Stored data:

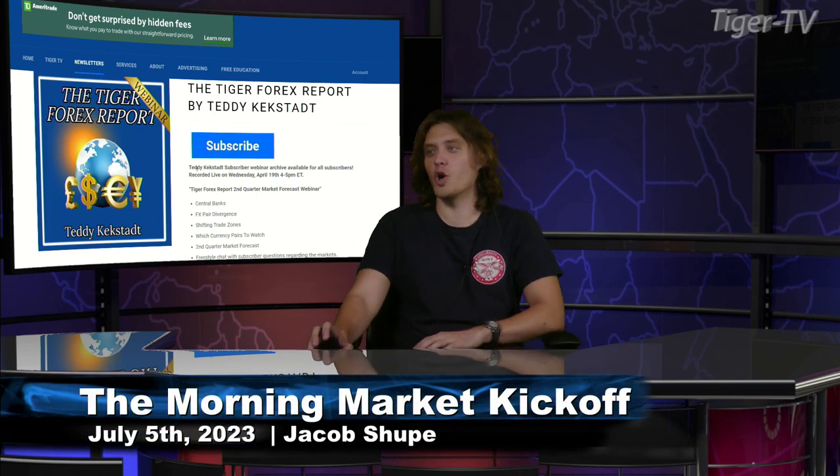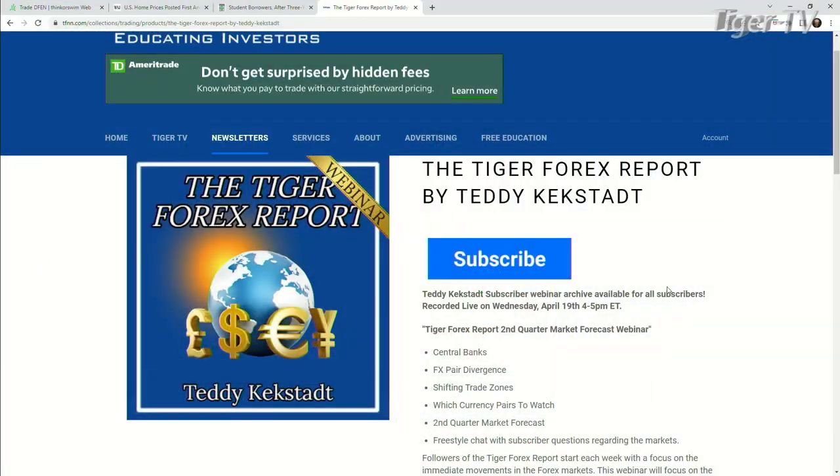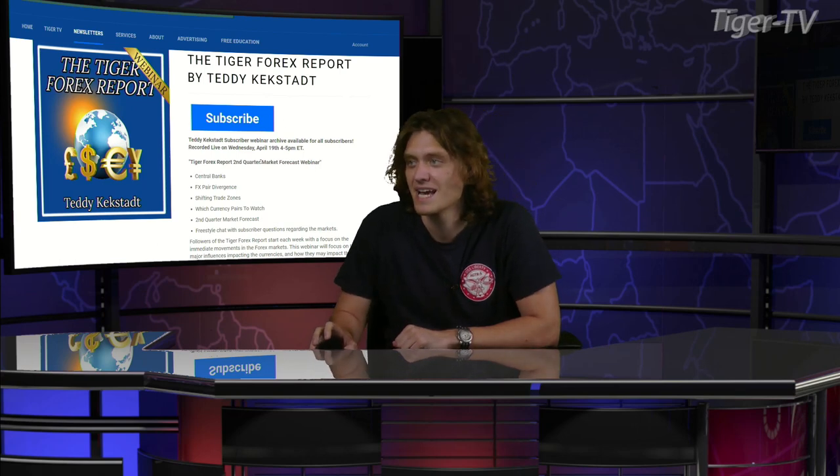Welcome back, folks. I want you to take a look over here. This is the Tiger Forex Report by Teddy Kekstat. Every Monday, this is getting uploaded, and this is a seriously informative newsletter. It is chock full of information and Teddy spares no detail on it. He talks about the central banks, the FX pair divergence, shifting trade zones, which currency pairs to watch, and freestyle chat with subscriber questions regarding the markets. He also has a webinar archive, which I recommend.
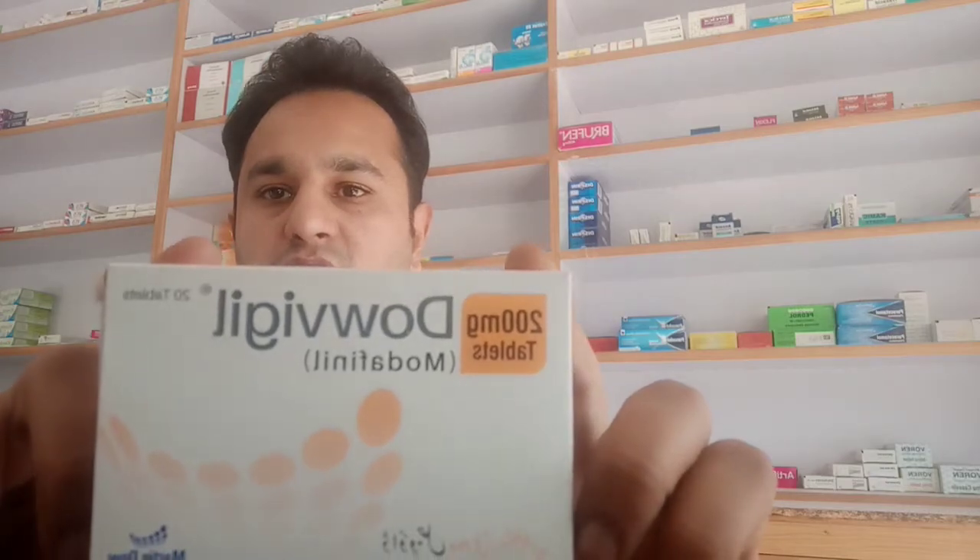Friends, I'm going to talk about Dovigil today. The medication in Dovigil is modafinil 200mg. This medication is made by Martin Do, and the price for the medication is 334 rupees.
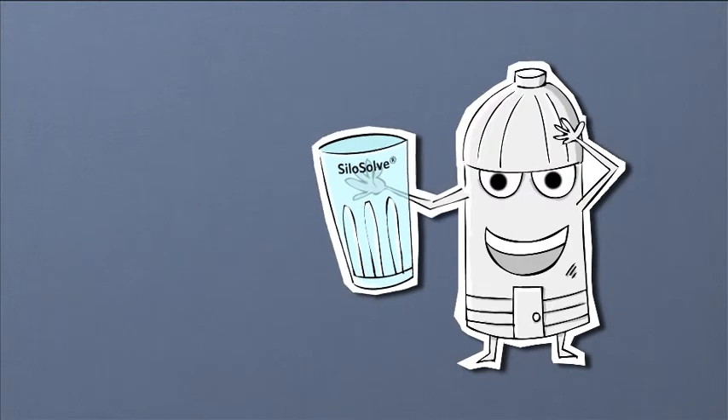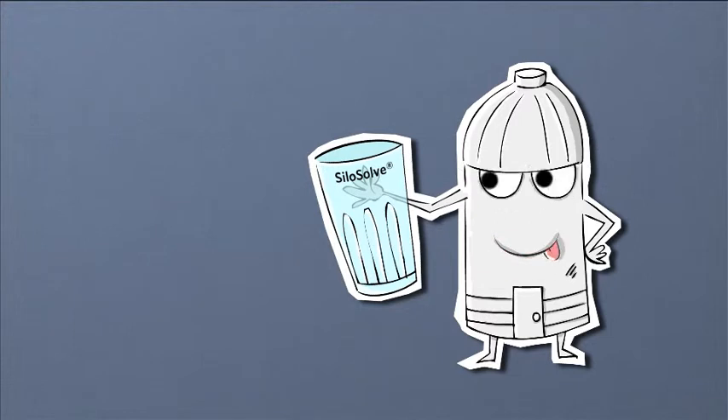At Christian Hansen, we market the SiloSolve range to farmers worldwide. But more specifically, what is it that SiloSolve inoculants will do for you?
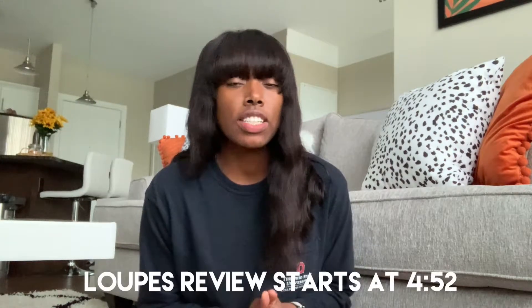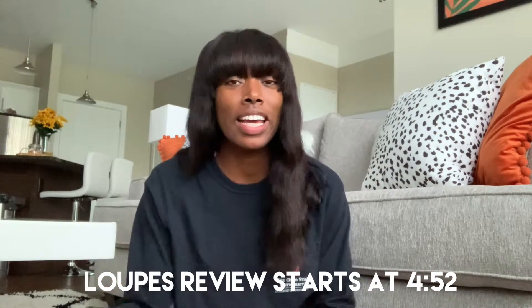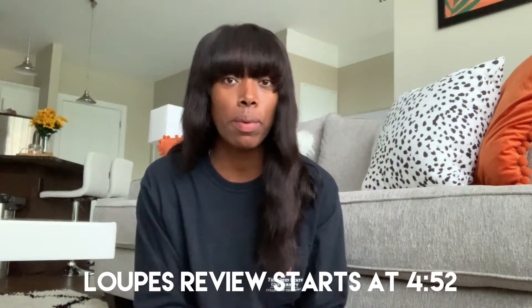Hello everyone, welcome back to my channel. If you are new here, my name is Nakia. I'm a first year dental student at Ohio State. For today's video, I'm just going to be doing some quick updates letting you all know how things are going. I have some exciting things to show you — my loops. I'll talk about that, and I also have clips from practicing the class 2 prep. We have that practical coming up next week, so those clips will be at the end.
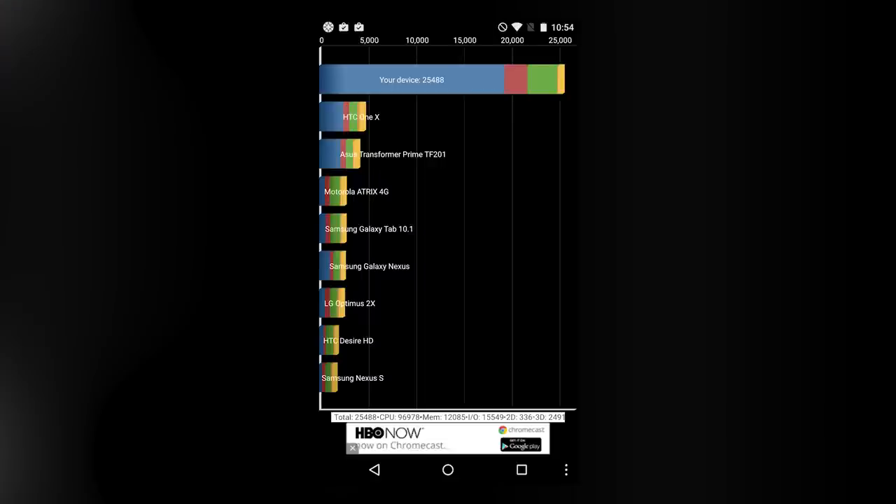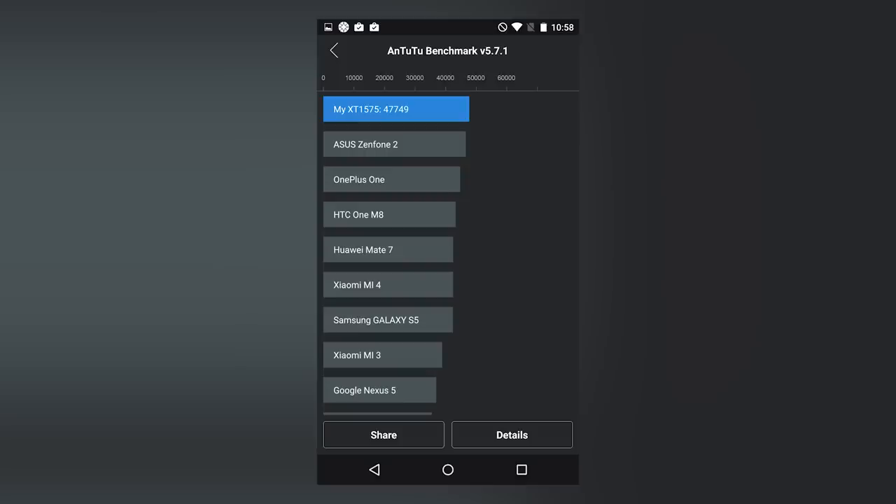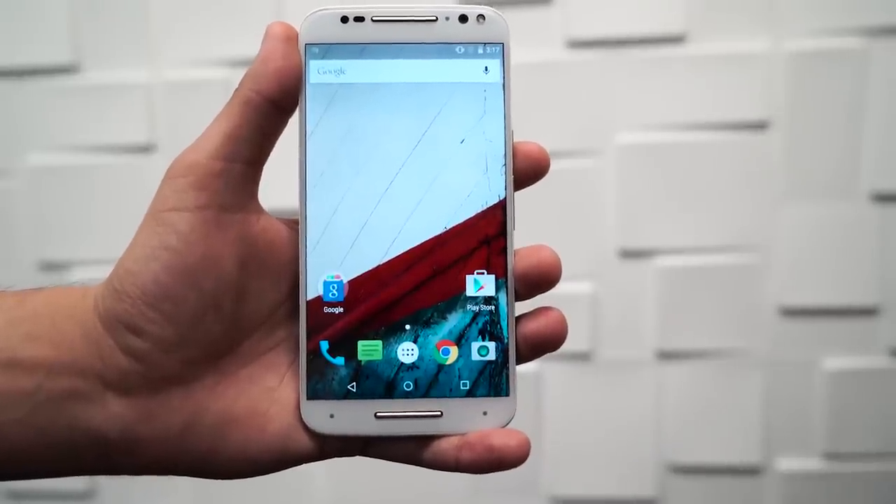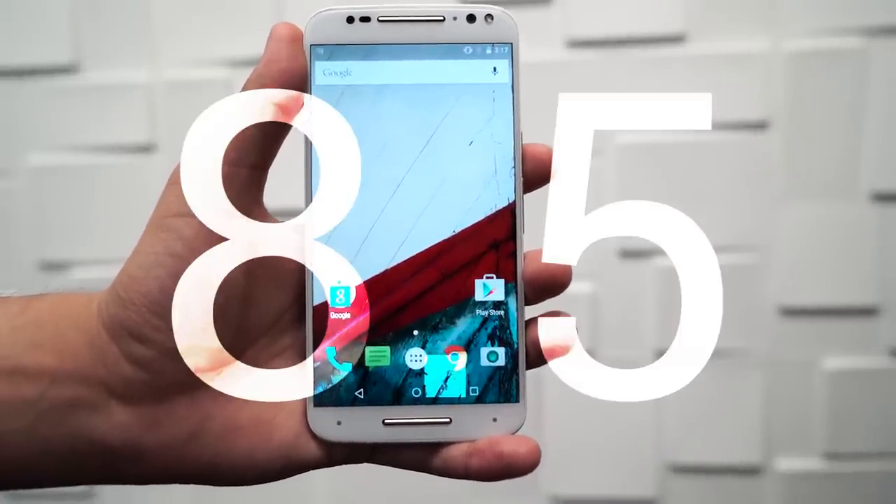Here are the benchmarks: 25,488 on Quadrant and 47,749 on AnTuTu 5.7.1. So what's the verdict? Is it a perfect phone? Nope. But it's a damn good one. The Moto X is like the Camry of phones — it's not flashy, it doesn't have any curved screens or other gimmicks, but it's going to be reliable and do what it's supposed to do. Would I buy this? If I had a $400 budget to buy a phone, then yes, I absolutely would. I would customize the color and casing to make it absolutely uniquely mine. Motorola has a hit on their hands, and at least you don't need an invite to buy this. This gets an 8.5 on the TechnoBuffalo scale.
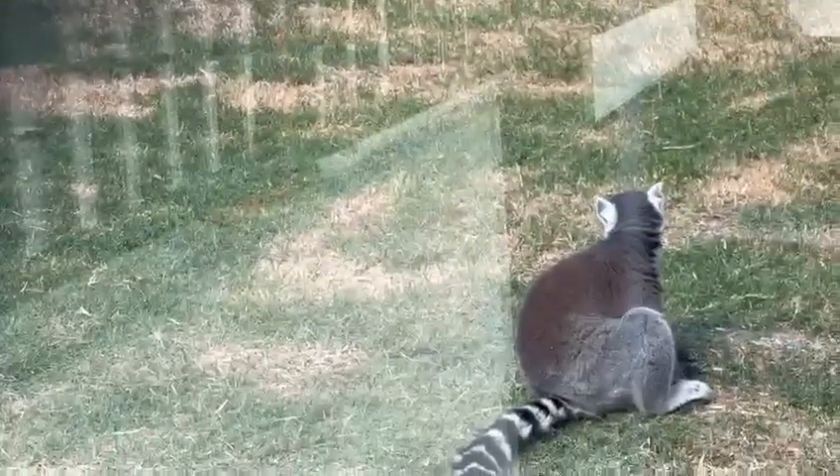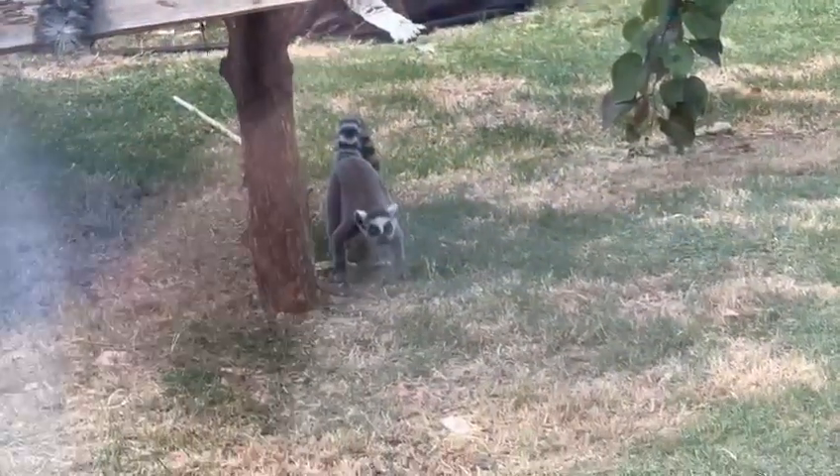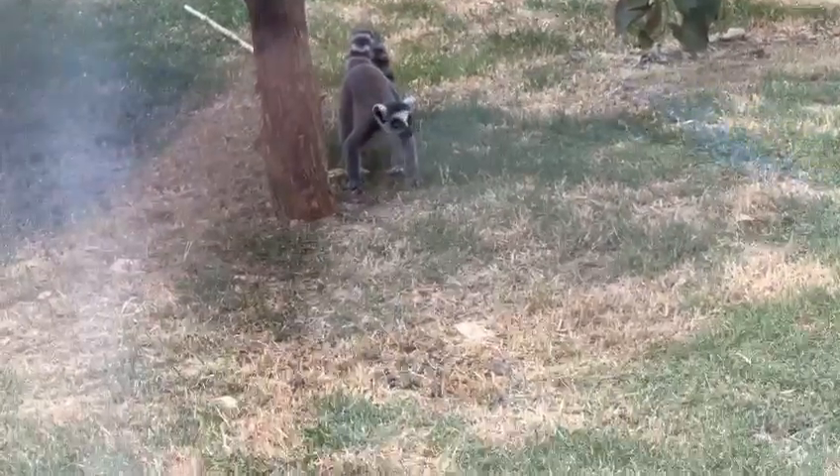Aren't they cute? Oh, there's another one up there. Oh, another baby one. They're adorable. Cute little things.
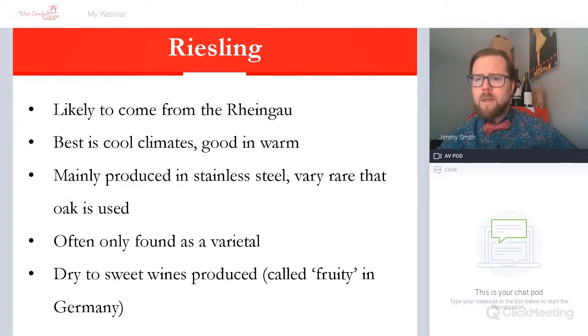Riesling is a wine made in stainless steel, so you'll often find no oak, and the wines are therefore produced in a very fresh and aromatic way. That is the hallmark of Riesling. It's also normally always found as a varietal — a single varietal. There are some blends in the world, but well in excess of 95 percent of Riesling produced worldwide is a single varietal, meaning it's only going to be Riesling in the bottle.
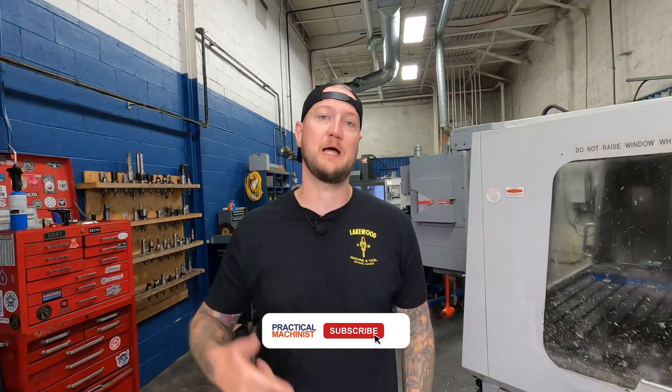What's up guys, Ian Sandusky from Lakewood Machining Tool, back here again for Practical Machinists. On today's episode of Machine Shop Talk, we're going to be diving back into the Practical Machinist forums to help tackle this question posed by a member. Make sure you like, subscribe, and turn on notifications below to make sure you never miss a video. Let's get into it.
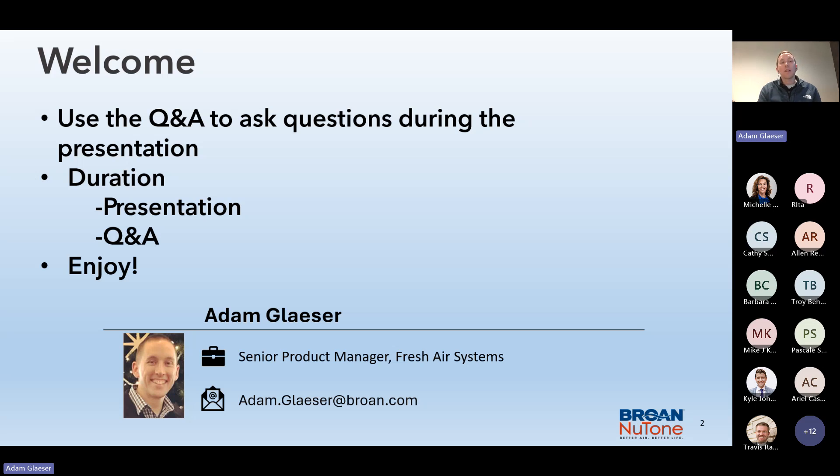We're going to be utilizing a Q&A chat during this presentation. You're also welcome to email me at the address below, and we will save some time at the end for questions and answers. If you think of something a day, a month, or a year later, always keep my email handy and enjoy. This is a great unit.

◆ **WORK TASK**:
Apart from the pictures, return the records exactly.

◆ **ANSWER TO THIS PROBLEM**:
Welcome back, folks. I want you to take a look over here. This is the Tiger Forex Report by Teddy Kekstat. Every Monday, this is getting uploaded, and this is a seriously informative newsletter. It is chock full of information and Teddy spares no detail on it. He talks about the central banks, the FX pair divergence, shifting trade zones, which currency pairs to watch, and freestyle chat with subscriber questions regarding the markets. He also has a webinar archive, which I recommend.
Friends, I'm going to talk about Dovigil today. The medication in Dovigil is modafinil 200mg. This medication is made by Martin Do, and the price for the medication is 334 rupees.
At Christian Hansen, we market the SiloSolve range to farmers worldwide. But more specifically, what is it that SiloSolve inoculants will do for you?
Hello everyone, welcome back to my channel. If you are new here, my name is Nakia. I'm a first year dental student at Ohio State. For today's video, I'm just going to be doing some quick updates letting you all know how things are going. I have some exciting things to show you — my loops. I'll talk about that, and I also have clips from practicing the class 2 prep. We have that practical coming up next week, so those clips will be at the end.
Here are the benchmarks: 25,488 on Quadrant and 47,749 on AnTuTu 5.7.1. So what's the verdict? Is it a perfect phone? Nope. But it's a damn good one. The Moto X is like the Camry of phones — it's not flashy, it doesn't have any curved screens or other gimmicks, but it's going to be reliable and do what it's supposed to do. Would I buy this? If I had a $400 budget to buy a phone, then yes, I absolutely would. I would customize the color and casing to make it absolutely uniquely mine. Motorola has a hit on their hands, and at least you don't need an invite to buy this. This gets an 8.5 on the TechnoBuffalo scale.
Aren't they cute? Oh, there's another one up there. Oh, another baby one. They're adorable. Cute little things.
Riesling is a wine made in stainless steel, so you'll often find no oak, and the wines are therefore produced in a very fresh and aromatic way. That is the hallmark of Riesling. It's also normally always found as a varietal — a single varietal. There are some blends in the world, but well in excess of 95 percent of Riesling produced worldwide is a single varietal, meaning it's only going to be Riesling in the bottle.
What's up guys, Ian Sandusky from Lakewood Machining Tool, back here again for Practical Machinists. On today's episode of Machine Shop Talk, we're going to be diving back into the Practical Machinist forums to help tackle this question posed by a member. Make sure you like, subscribe, and turn on notifications below to make sure you never miss a video. Let's get into it.
We're going to be utilizing a Q&A chat during this presentation. You're also welcome to email me at the address below, and we will save some time at the end for questions and answers. If you think of something a day, a month, or a year later, always keep my email handy and enjoy. This is a great unit.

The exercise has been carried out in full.